Too long, don't read, listen. Like we were making peanuts, right? Because we're social workers. Social workers do not make a lot of money, which is unfortunate. We could do a whole thing. Anyway, making peanuts, right? And as agencies do, there's like waves of people leaving all the time. People leaving because it's toxic, it's abusive. And I got stuck in this situation where every time I tried to leave, I was thrown more money, thrown more money, thrown more money, right? Which at the time I was like, well, sweet, like now I'm actually making money. I can buy a house.
Casey (11:24)
Yes.
Mmm.
Sarah (11:50)
This is cool, right? And then I was suffering, suffering, suffering, Went to leave, more money, right? Suffering, suffering, suffering. Went to leave, more money. And so we used to call it the golden handcuffs, Where you're finally making something that you have wiggle room, right? Which is something that I don't know that I experienced a lot of in my entire life. There was wiggle room and it felt really good, but there was so much on the other side of that. So I was playing into this awful dynamic of then like,
Casey (11:50)
Right?
Sarah (12:16)
because I'm making this money, I was expected to be working all the time, right? And there was always this threat of it being taken away. So like it's replaying and hitting old triggers and it was super yucky. And then having to leave, having to take a massive pay cut because I was going back to just a regular social worker job, you know? And this is a power differential that...
Casey (12:35)
you
Sarah (12:39)
can happen in a lot of workplaces and I don't know outside of the social worker mental health field, I imagine it happens because money is just, you know, can be used to be yucky and manipulative and all of those things. But can't quite remember where I was going with that at this point, but it felt like it connected somewhere. I'm sure you can make a connection.
Casey (12:56)
No, it did though. It did because I think that's another, I think part of the trauma that comes is a lot of shame beliefs that develop because of stereotypes and biases, right? So the idea of golden handcuffs is something that I talk about with clients a lot, especially younger clients, because they get out of college, right?
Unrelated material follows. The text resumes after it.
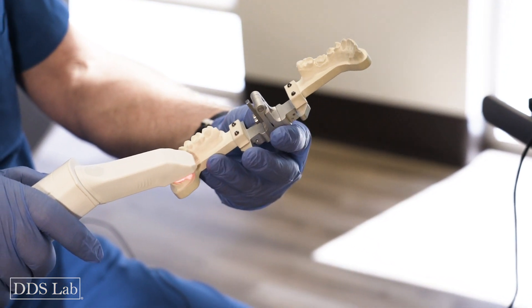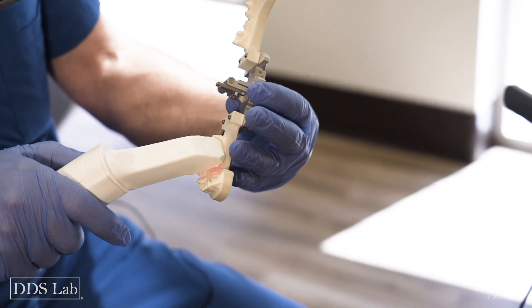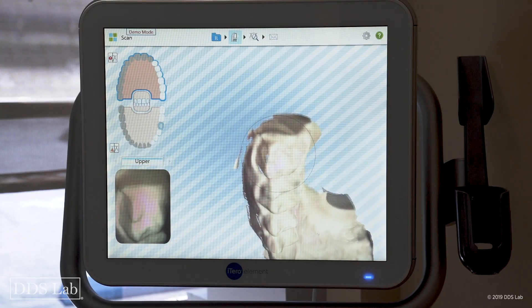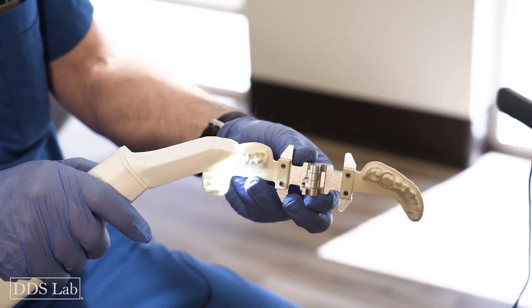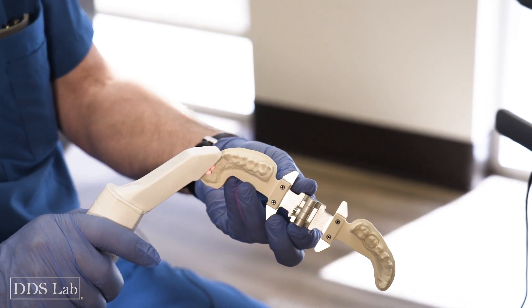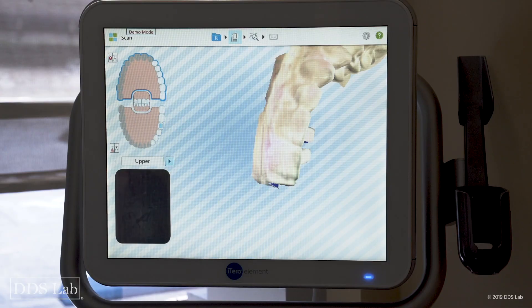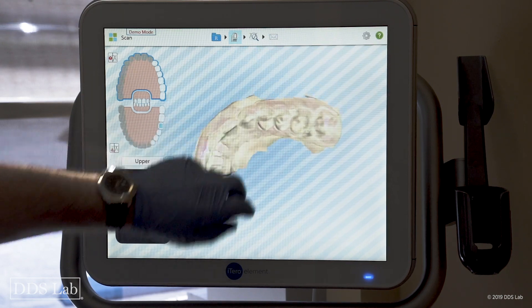I slant my camera a little bit forward, come back on the lingual part, roll over to the buccal making sure I capture everything, then come along to the facial part. I'm pretty much done with it — it took me about 45 seconds.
Which college in and of itself.
Sarah (13:09)
Yes.
Isn't yeah, coming out with hundreds of thousands of dollars in debt as a 22 year old desperate.
Casey (13:22)
traumatic with money and all kinds of things. Right, so you're desperate. You're desperate, you're afraid. You have six months to defer your loans until they're piling at your door. You you're getting back into real life like, shit, like, I don't get to go to like the meal hall. I don't get to like, just live in a dorm. It's like, now I have to figure out what to do with my life. And I don't know, it's been...
Sarah (13:34)
Mm-hmm.
huh. Yeah.
Yeah.
Casey (13:47)
a decade since I graduated college at least and it was I I think I probably applied to 60 jobs my first year and I got one accepted. It's like buying a house.
Sarah (13:58)
I mean that was better than buying a house for you.
Casey (14:00)
Honestly, it was. It was, I'll be frank, it was. But that job, you have no idea what it is. You're just... I'm gonna get paid, you know? It's better than my pizza shop job that was getting paid under the table. So... Yeah, that's... I mean, it was a relief. Isn't that the... that's the sickest part of it though, right? Is like these environments where...
Sarah (14:06)
You're like, yeah, I'm gonna get paid. Right? Yeah. Right. Right, I don't have to be a bartender anymore. Cool. Even though you can probably make more money being a bartender, but whatever. Yeah. Yeah, yeah.
Casey (14:24)
You know, you have a lot of like your sleep schedules messed up and all that kind of stuff. It's like we're taught in America at least that the the nine to five is is the piece de resistance, right? That's what you should aspire to. And it isn't nine to five anymore. It's eight to seven. It's on call. It's. But you make all these life decisions very early on.
Sarah (14:41)
No. Yeah.
Casey (14:48)
with this relief, right? That wiggle room that you were talking about of like, I can breathe now. I can get that, you know, car. can get that, you know, better health insurance. I can get whatever. And now I can't leave. brand cereal. Yes. But we're not taught back then that you go to look at the coupons and you can still get the name brand for just as much.
Sarah (14:52)
I can breathe.
Yeah. I can buy the name brand cereal, right? Like, yeah, right?
Mm-hmm.
Yeah.
Casey (15:14)
I digress, but the lack of education we get surrounding our autonomy and resiliency surrounding money, because it's the society we live in, you make choices like that that you can't undo easily. I mean, people buy houses and buy cars and like things where like if you're to do that, you're just trading a stressor for another. And that's why it's inherently
Sarah (15:36)
Yes.
Casey (15:38)
traumatic right? You don't get a lot of choice in that and you suffer. That's why burnout is very high. It's here's society telling you you need all these things to be enough and then you have these jobs saying well I'll give you enough to be enough but you got to do this for me.
Sarah (15:39)
Yeah.
Mm-hmm.
Mm-hmm. Mm-hmm.
Right, but you have to give me your soul. Yeah. Yeah. Right.
Casey (15:58)
So you're giving your soul for a Stanley Cup. You know what I mean? It's like...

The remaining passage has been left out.